Em nota, o exército francês afirmou que a chamada Operação Barkhane conduziu a ofensiva após profundas análises de inteligência. Porém, admitiu que o alvo foi identificado apenas uma hora antes, quando um drone detectou dois indivíduos em uma moto e um grupo maior.
Não obstante, o ataque atingiu um casamento planejado com mais de um mês de antecedência, no qual compareciam pessoas de outras localidades que viajaram a Bounti, conforme três relatos independentes de habitantes da aldeia.
Segundo as testemunhas, os convidados homens estavam separados das mulheres devido às rigorosas normas de segregação de gênero impostas por jihadistas que ocupam a área.
“Subitamente, ouvimos barulhos de jatos e tudo aconteceu rápido demais”, declarou um residente local de 68 anos. “Ouvi um poderoso estrondo e então outro.
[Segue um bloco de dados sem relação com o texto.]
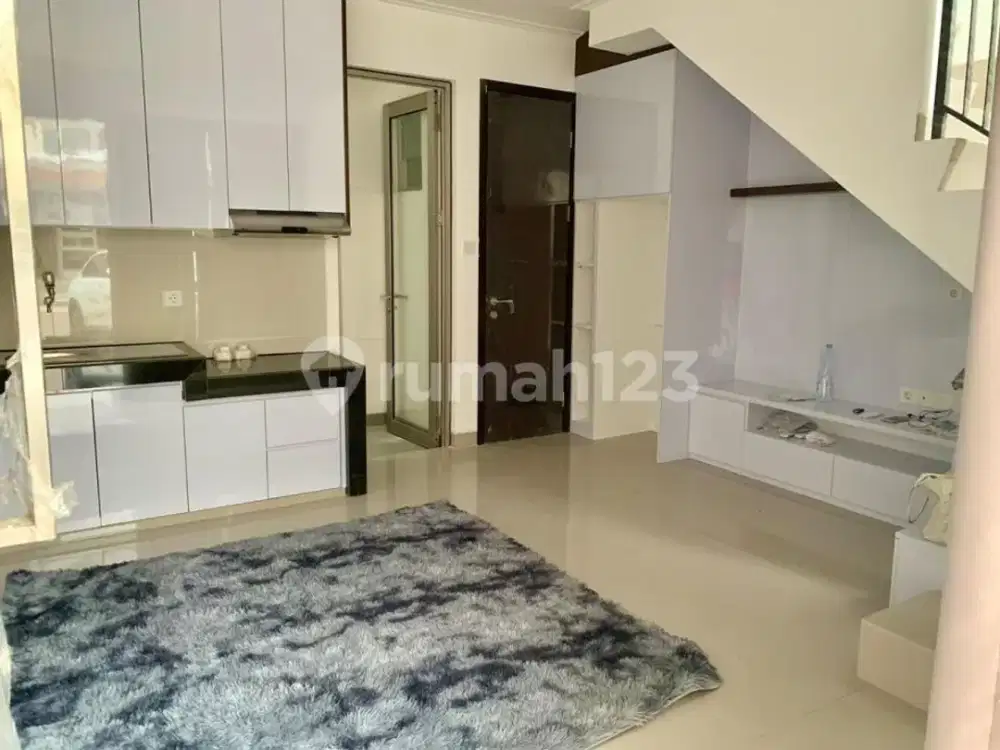 Dijual Rumah Cantik di Cluster Virginia Pik 2 (Pantai Indah Kapuk)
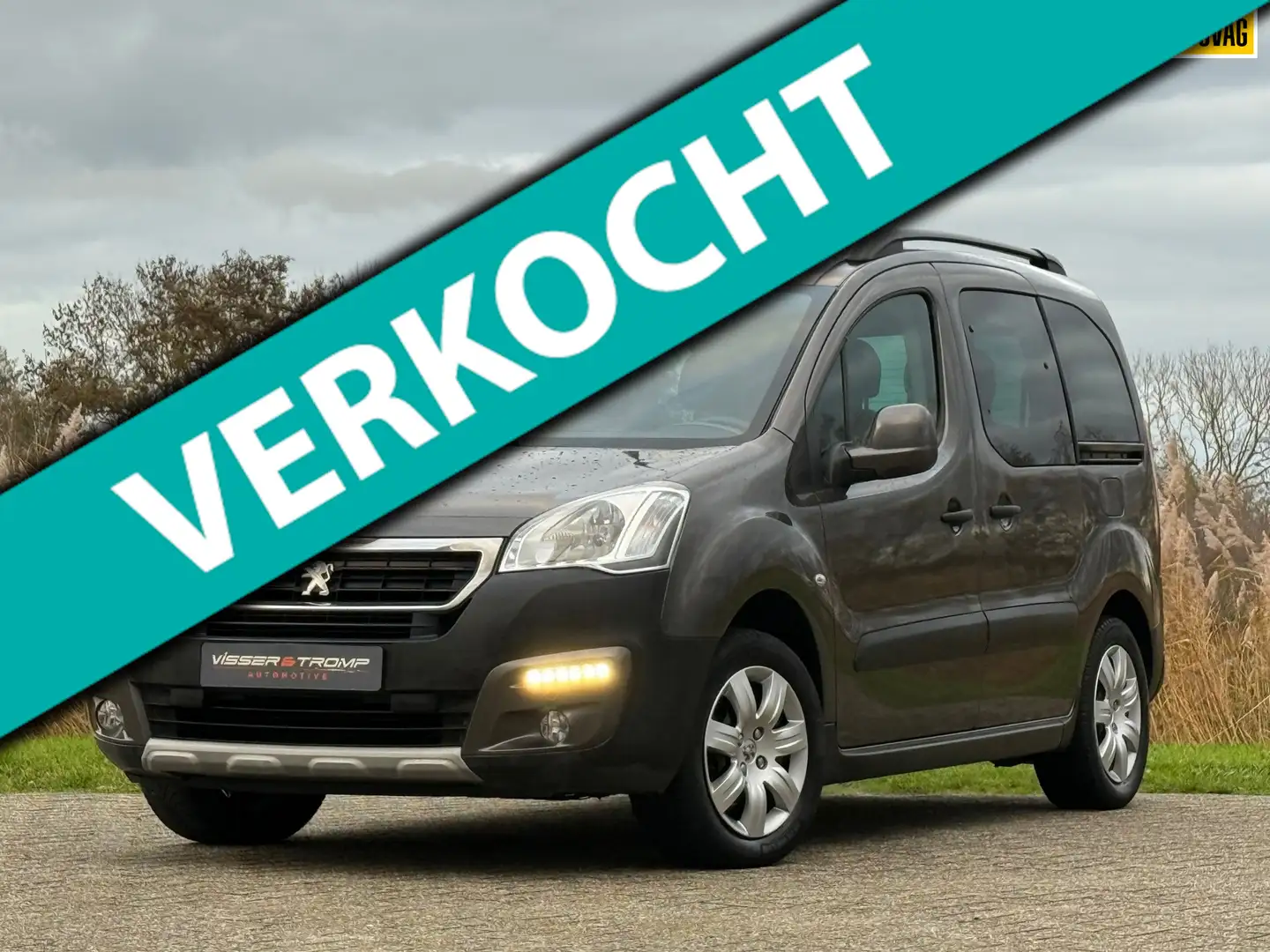 Peugeot Partner Tepee 1.2 PureTech 110PK Outdoor - Gris Moka - Car Grijs - 1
Perdi a consciência por alguns minutos. Quando acordei, meu pé sangrava devido a um estilhaço”.
“Ao meu redor, havia feridos e corpos”, concluiu.
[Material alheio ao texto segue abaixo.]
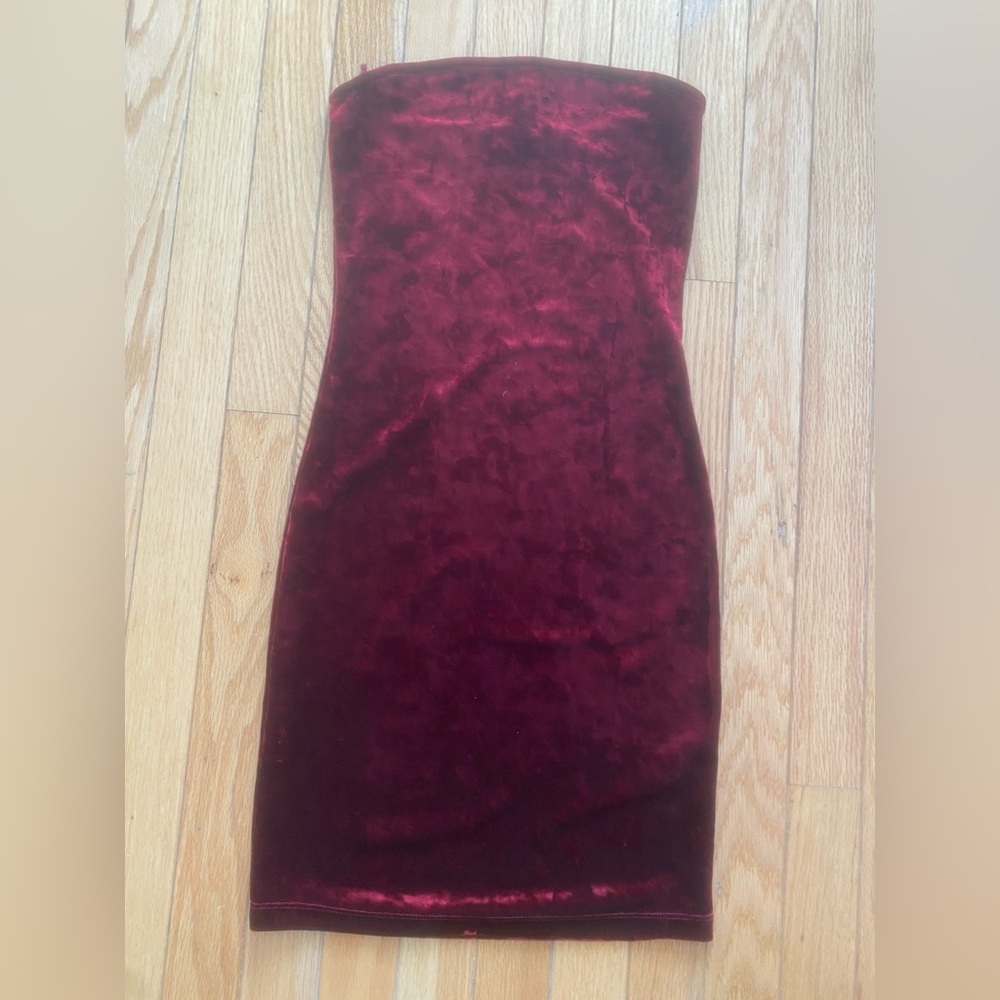 NWT garage tube dress. Velvet like material. Size xs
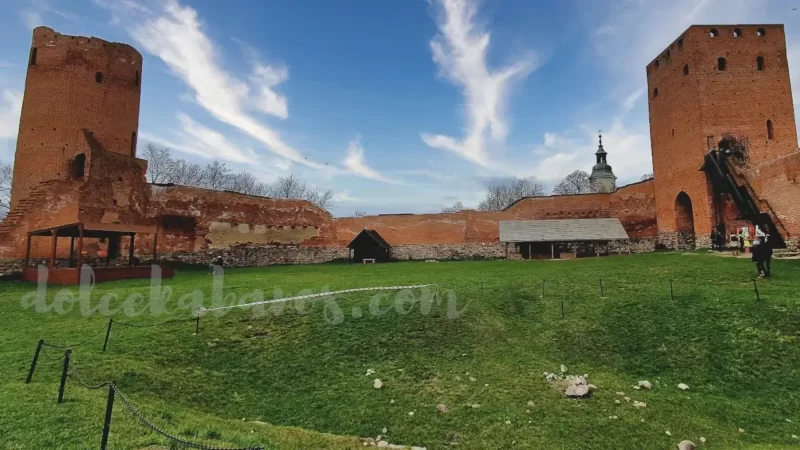 kamienie pozostałe po kaplicy w Czersku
Outro residente destacou ao HRW ter esperanças de que uma “investigação detalhada” seja conduzida a seguir, com maior proteção aos civis contra incidentes semelhantes no futuro.
O governo francês tem a obrigação de indenizar as vítimas civis e seus familiares, reiterou o relatório da organização de direitos humanos, caso seja comprovado que a ofensiva contra Bounti ocorreu de maneira ilegal.
O Mali é assolado por uma insurgência de grupos radicais islâmicos, que teve início no norte do país, em 2012, e então espalhou-se aos estados vizinhos de Burkina Faso e Níger. Em 2013, tropas francesas intervieram na região saariana, a fim de tentar conter o fenômeno jihadista.